As Ernest Gellner argued, “If nation-building projects entailed the synchronization of politics and culture… the media played a crucial role by bringing together disparate populations under the same cultural roof.”
At its inception, media not only centralized and unified primary languages, but also broadly distributed information across caste and class and brought populations together under a common set of cultural information. From advertisements and social media to movies and television, media continues to bring people together. However, nowadays, the individual has the capability of determining whether to unite under an umbrella of nationalism, cosmopolitanism, anarchism or almost any philosophy one could possibly desire.
Although individuals are capable of freethinking, advertising plays a huge role in the way people spend their money. People in the same area often buy the same products due to advertising targeted at a certain cultural or national values. A commercial is capable of essentially claiming that when a customer buys their product, he or she also supports the nation and it’s values.
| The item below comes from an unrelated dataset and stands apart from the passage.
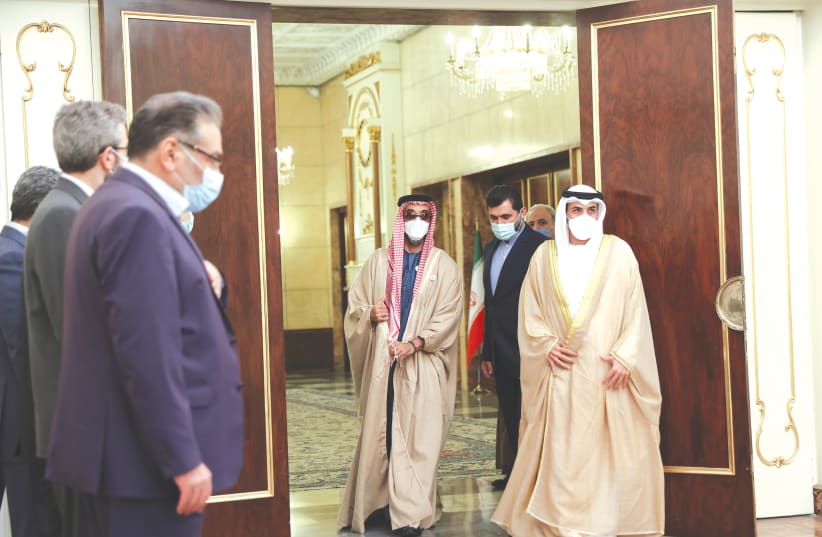  UAE NATIONAL Security Adviser Sheikh Tahnoon bin Zayed Al Nahyan (center, with red keffiyeh) arrives to meet with Iran’s President Ebrahim Raisi in Tehran, earlier this week. (photo credit: MAJID ASGARIPOUR/WANA/REUTERS)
For example: https://www.youtube.com/watch?v=AMpZ0TGjbWE
On the other hand, social media provides an avenue for research, conversation and debate with an expansive audience of a variety of thinkers. While social media platforms can act as a tool for educated thinkers to express their ideas, Facebook and Twitter primarily serve as a type of advertisement for products, cat videos and celebrity gossip. Another reality of social media is that the loudest voices are typically not the educated thinkers, but those without another platform to express their ideas. While many of the social media audience may promote nationalism, it is likely that for every nationalist voice in the social sphere, there is also a voice of anarchism and separatism.
Many television shows and movies also promote nationalism whether it’s through blatantly nationalistic plot lines, subtle dialogue or even symbols. One movie that promotes an overtly nationalistic theme is Independence Day. The movie sets up the United States to unite and save the world through a mission to combat and destroy evil invading aliens. While other nations might see the plot as a farce, many Americans may feel a sense of pride and unity watching the U.S. President fighter pilot save the entire world.
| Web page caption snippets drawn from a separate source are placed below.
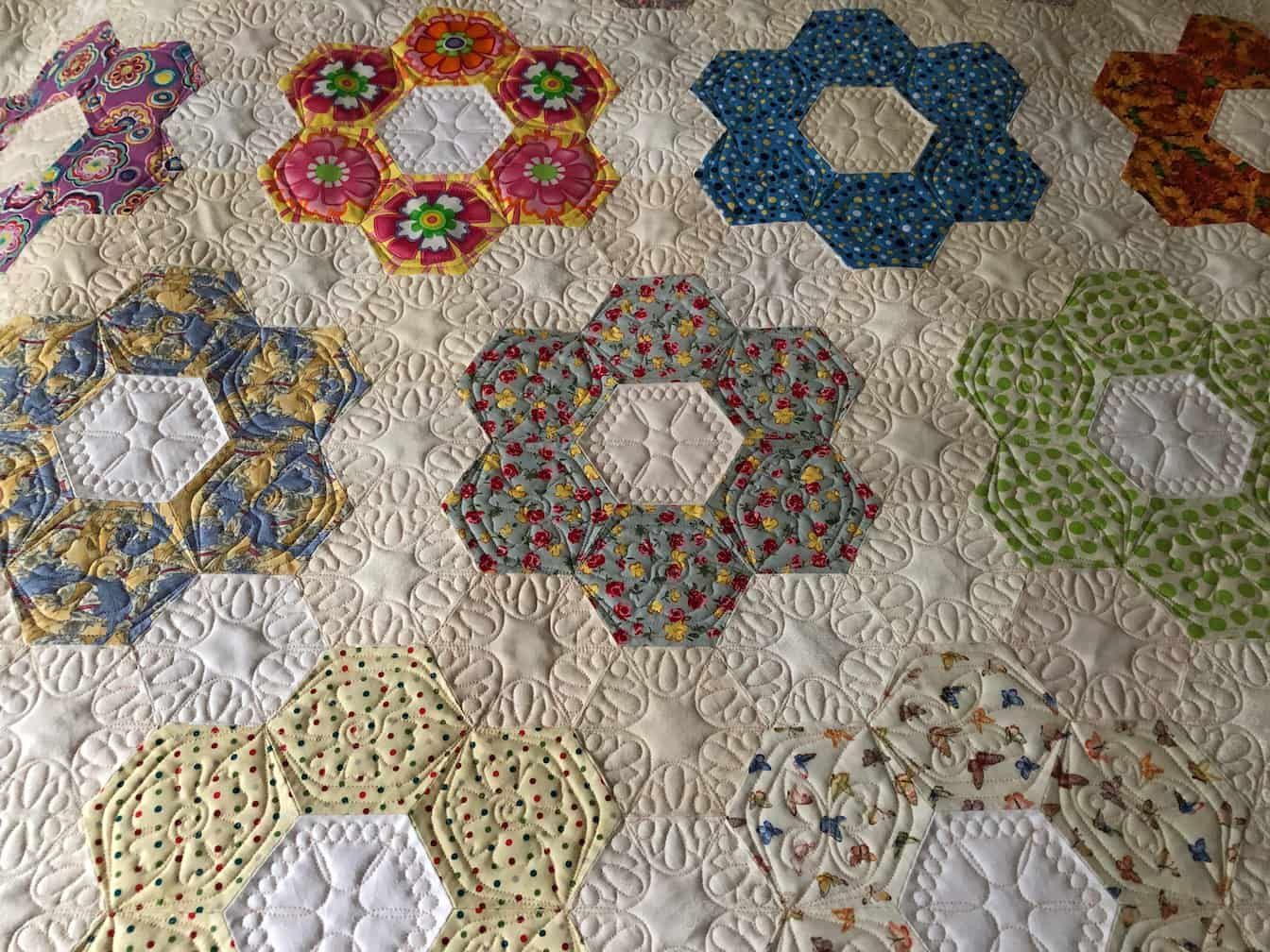 Close-up of a Quilt With Colourful Hexagonal Flower Patterns — Morning Star Quilting in Bateau Bay, NSW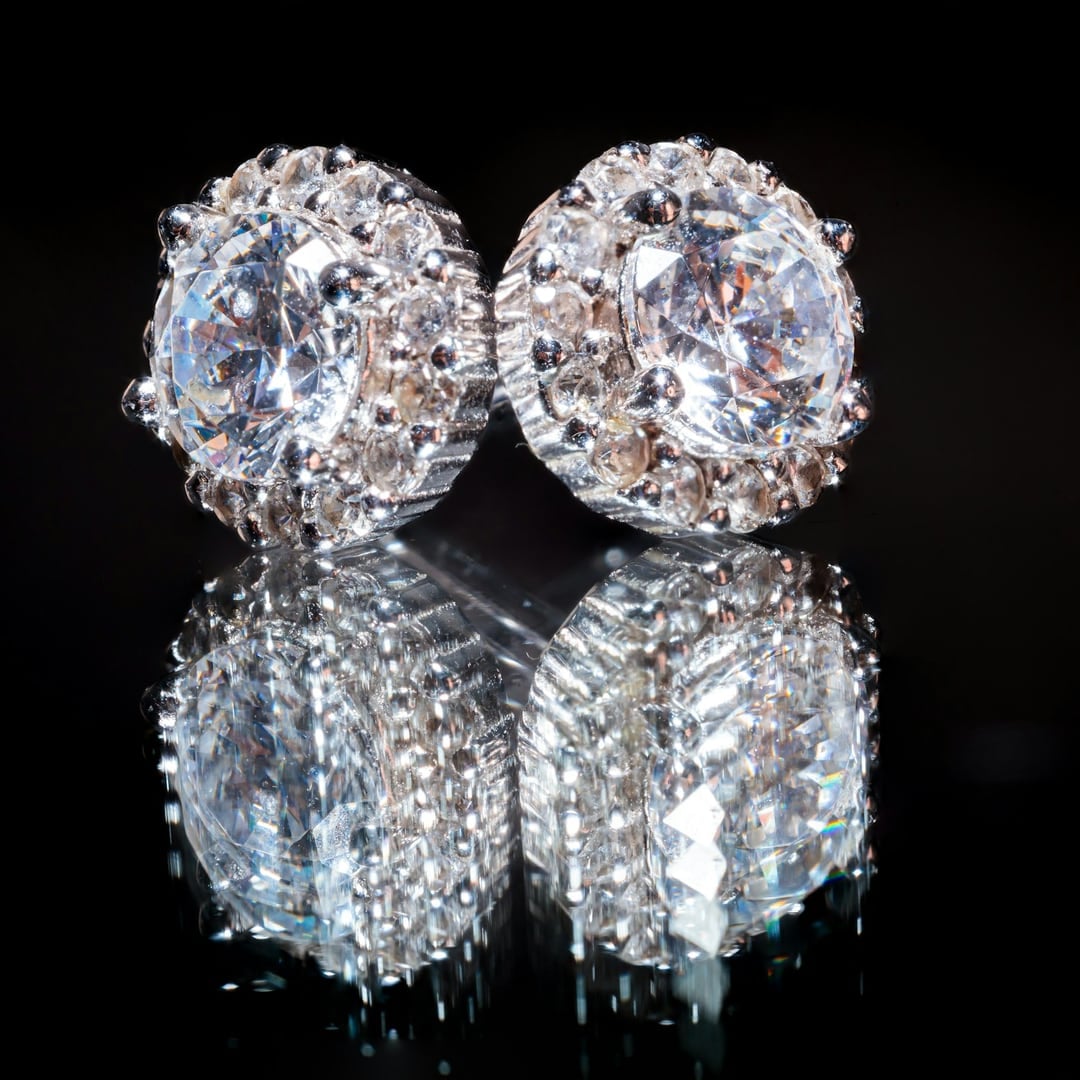 Pair of round diamond halo stud earrings reflected on a black surface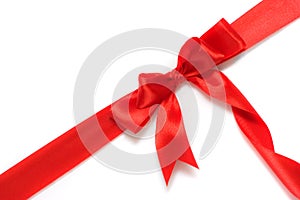 Red gift ribbon and bow isolated over white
An example of a TV show that promotes nationalism through seemingly insignificant symbols and language is Boy Meets World. Although Boy Meets World is about a typical American teenager and his typical American family, there are moments that highlight nationalism. While an American audience may not even notice these nationalist cues, they would be quite obvious to a foreigner. Some of these moments include an American flag in a classroom or children saying the Pledge of Allegiance before the school day, merely re-enforcing the acceptable national American identity.
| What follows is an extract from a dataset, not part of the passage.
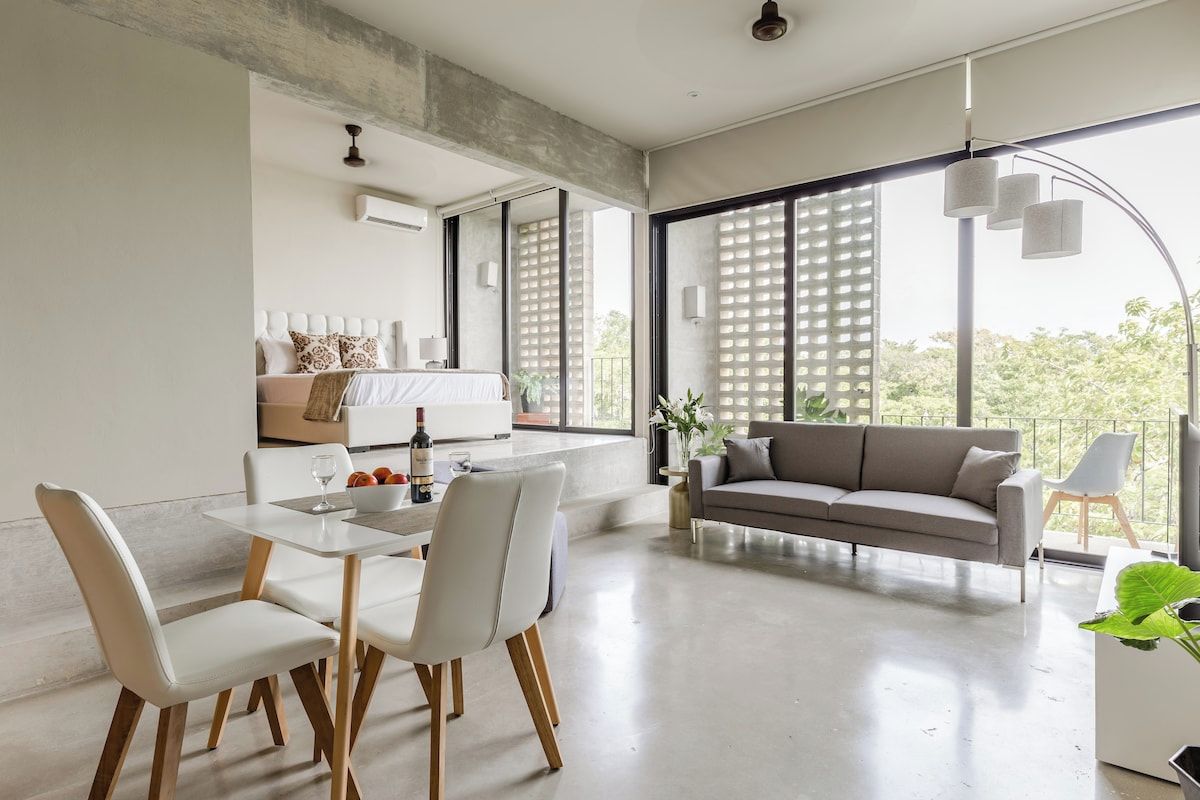 Uma sala de estar moderna com área de jantar, janelas amplas e um sofá.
Media continues to bring people together as a nation through advertising, social media and entertainment. For better or worse, media promotes conversation and a sense of community. Those communities are often at the national level. Although media contributes to a variety of other types of communities, the media continues to sustain nationalism.
Waisbord, Silvio. “Media and the Reinvention of the Nation.” In The SAGE Handbook of Media Studies, edited by John D. H. Downing, Denis MsQuail, Philip Schlesinger and Ellen Wartella, 378. Thousand Oaks, CA: SAGE Publications, Inc., 2004.